Et cela va l’amener à se rétrécir. Cet effet est automatique. L’intelligence émergente de la Technosphère est l’intelligence d’une machine. Sa programmation interne est telle qu’elle agit toujours de façon rationnelle dans son propre intérêt interne. Pour la Technosphère, la fin justifie toujours les moyens, à l’exclusion de toute autre considération. Ces extrémités sont: une croissance et une expansion illimitée; une domination complète de la biosphère; et un contrôle complet sur nous les humains. Si nous réussissons à la déjouer jusqu’à un point où un effort accru conduit à une diminution des résultats, alors, comme être rationnel, elle n’aura pas d’autre choix que de diminuer son effort… et rétrécir. Ce processus, s’il est mené assez tôt, peut réduire la Technosphère à un ensemble de simples instruments, dans lesquelles nous pourrons choisir à la carte tout en l’empêchant de poursuivre son propre agenda, organisée sous forme de services à la carte mais poussée à diminuer et à disparaître dans le cas contraire.
Dmitry Orlov
Traduit par Hervé, vérifié par Wayan, relu par Diane pour le Saker Francophone
Note de l’auteur
Suite à un traducteur erronée de harm par coût et non par préjudice, voici son argumentation qui mérite toute sa part dans l’article
S’il vous plaît, veuillez noter, et vous rappeler, que l’analyse des préjudices / bénéfices n’a rien à voir avec sa banal et cousine analyse, coût / bénéfice. Le technosphère aime l’analyse coût / bénéfice, parce que son hypothèse sous-jacente est que tout peut être quantifié en termes de valeur monétaire, rend tout et tout le monde marchandisable, en élargissant le contrôle de la technosphère sur nous et la biosphère.

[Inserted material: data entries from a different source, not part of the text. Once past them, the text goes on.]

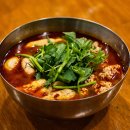 하니칼국수 서울숲점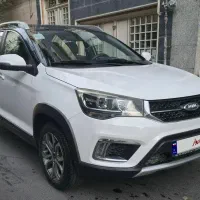 Mvm X22/ ام وی ام ایکس ۲۲ اتوماتیک ۱۳۹۶ اسپورت|خودرو سواری و وانت|تهران, شهرک ولیعصر جنوبی|دیوار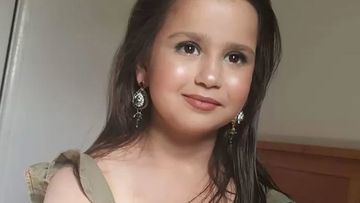 Sara Sharif, 10, was murdered.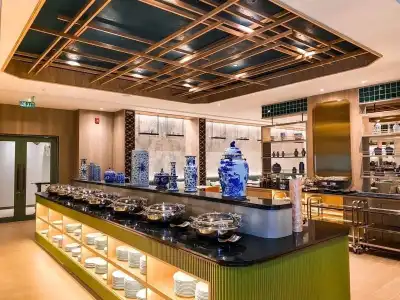 The Quarter Chaophraya by UHG - 17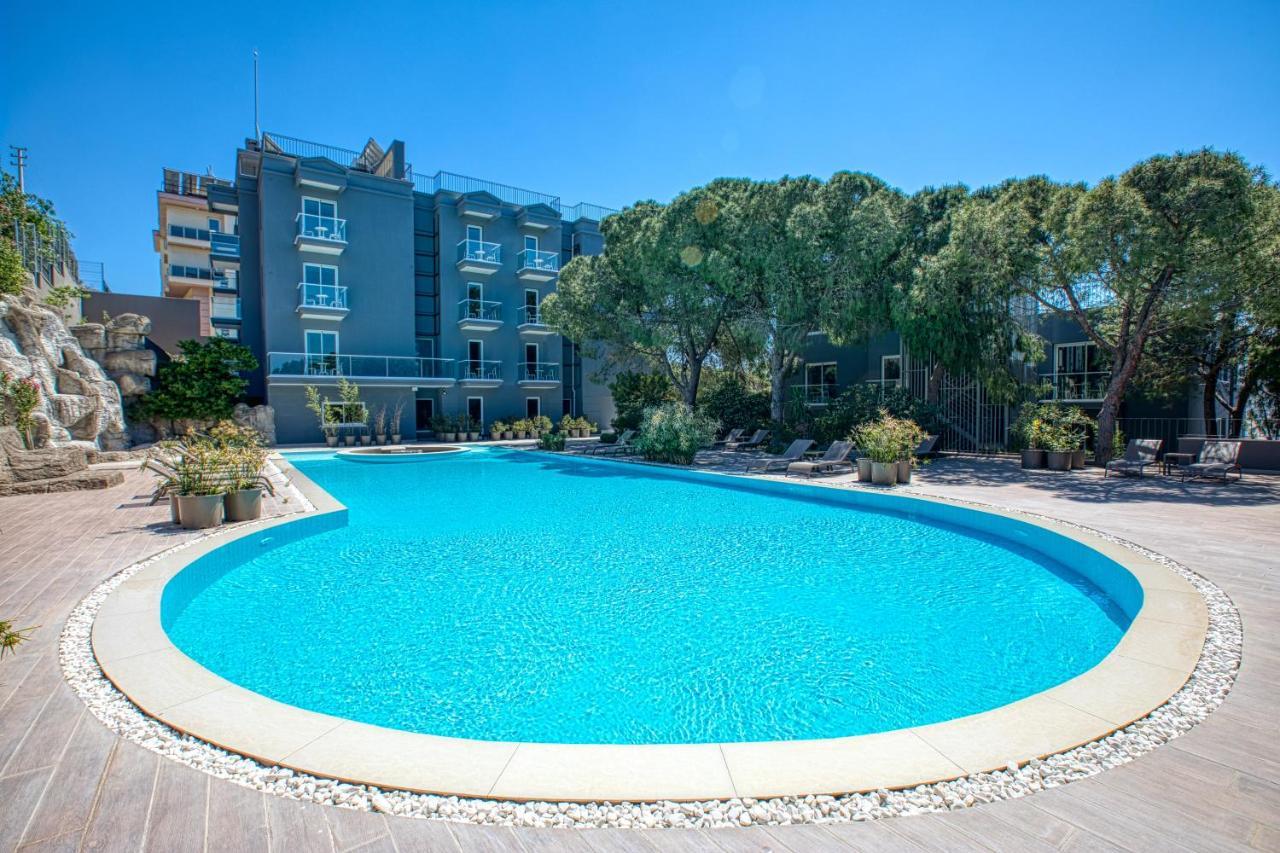 AEGEAN Apartments - Çeşme Extérieur photo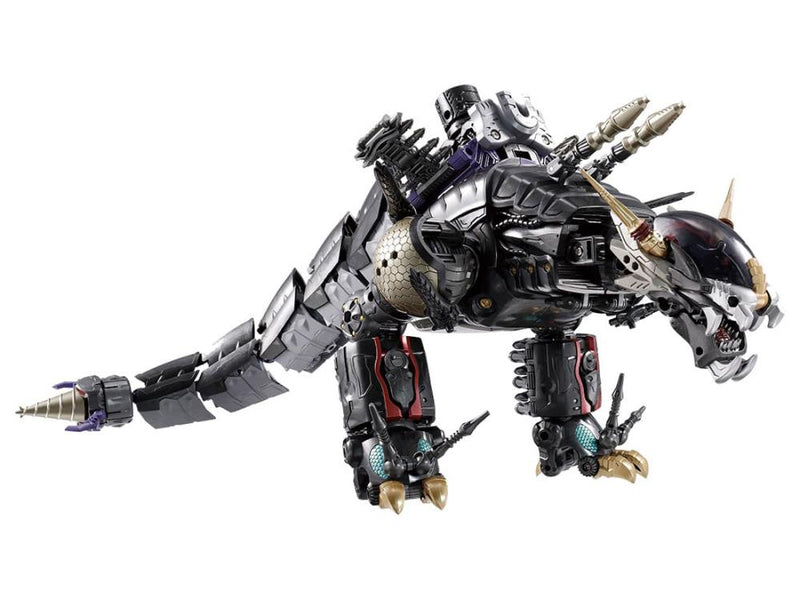 Load image into Gallery viewer, Diaclone Reboot - DA-75 Warudaros (Drago Head) Exclusive
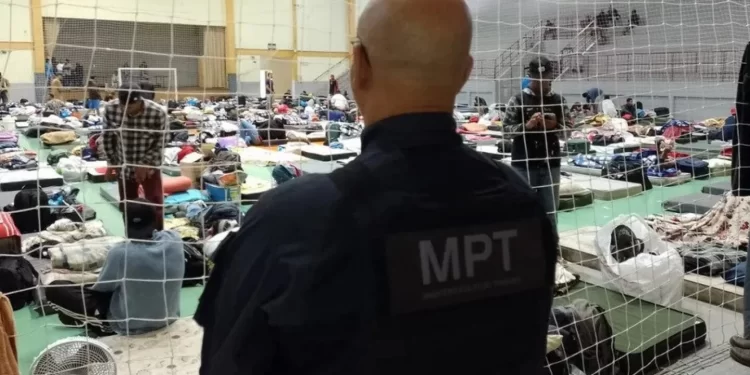 Deputado une Sul do país contra órgão de combate a trabalho escravo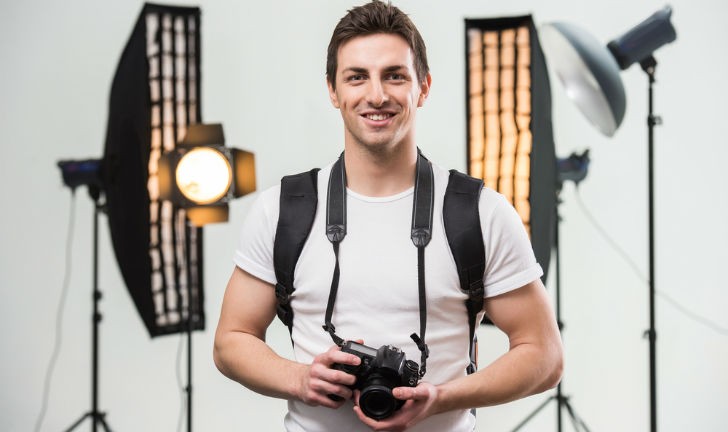 Foto do perfil do trabalhador freelancer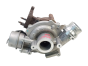 Turbocharger 113657H821369359 16359700011 144116763R BorgWarner 1.5 dci S6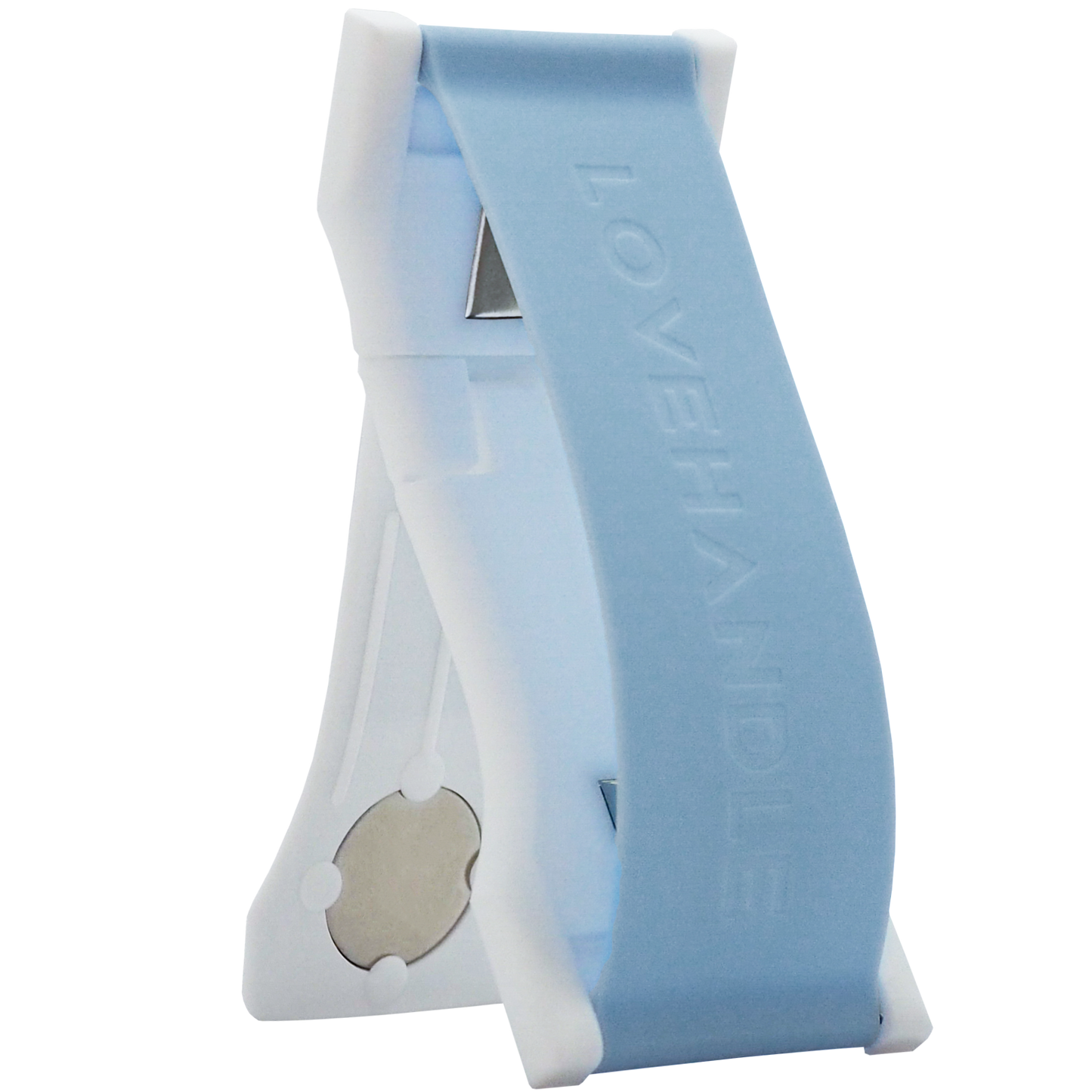 LoveHandle PRO - Airy Blue: DEFAULT TITLE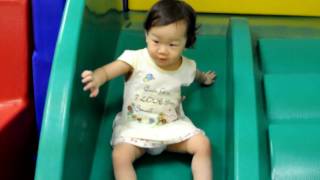 20090726_麥當勞溜滑梯_Part3
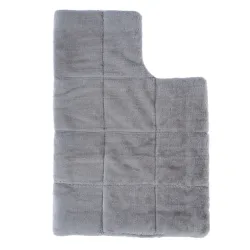 Natural Paradise Ersatzteile - Kissen L J/F (L 55 x B 38 cm, grau)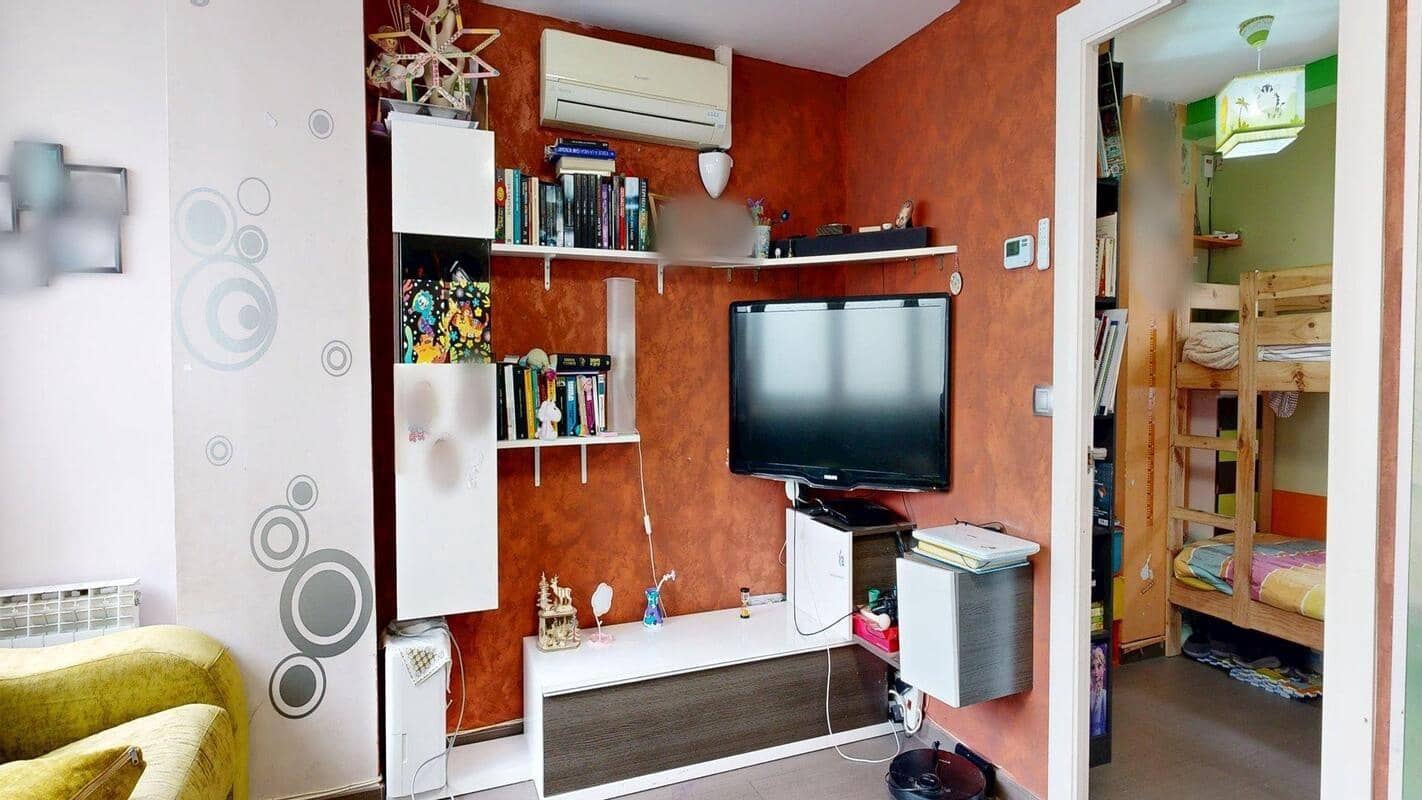 3 bedroom Flat for sale in Zaragoza city - € 158,000 (Ref: 9679966)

Alors qu’un préjudice ne constitue pas un coût, et l’estimation des dommages en termes de coût est une approche complètement abscons. Ni la biosphère ni l’esprit humain n’acceptent aucune sorte de restitution monétaire pour le préjudice qui leur est causé. D’autre part, en demandant combien vaut votre autonomie, votre auto-suffisance et votre liberté en termes financiers est équivalent à demander combien vous valez en tant qu’esclave. En ce qui concerne le préjudice que la technosphère provoque à la biosphère, nous devrions demander non une indemnisation, mais une réduction de ses activités. En ce qui concerne l’esclavage, nous devons nous efforcer de ne pas être des esclaves, et, à défaut, chercher à être les esclaves les plus inutiles que nous pouvons être, si possible, pire que rien. Nous ne devrions jamais demander combien «coûtent» les extinctions des éléphants d’Afrique, du rhinocéros blanc; à la place, nous devrions tout simplement demander si ces extinctions sont nuisibles ou bénéfiques. Et comme elles sont nuisibles, nous mettons une croix dans la case préjudice pour les technologies qui poussent ces animaux vers l’extinction, ainsi que sur tous ceux qui permettent le commerce international de l’ivoire, des cornes de rhinocéros et des produits forestiers.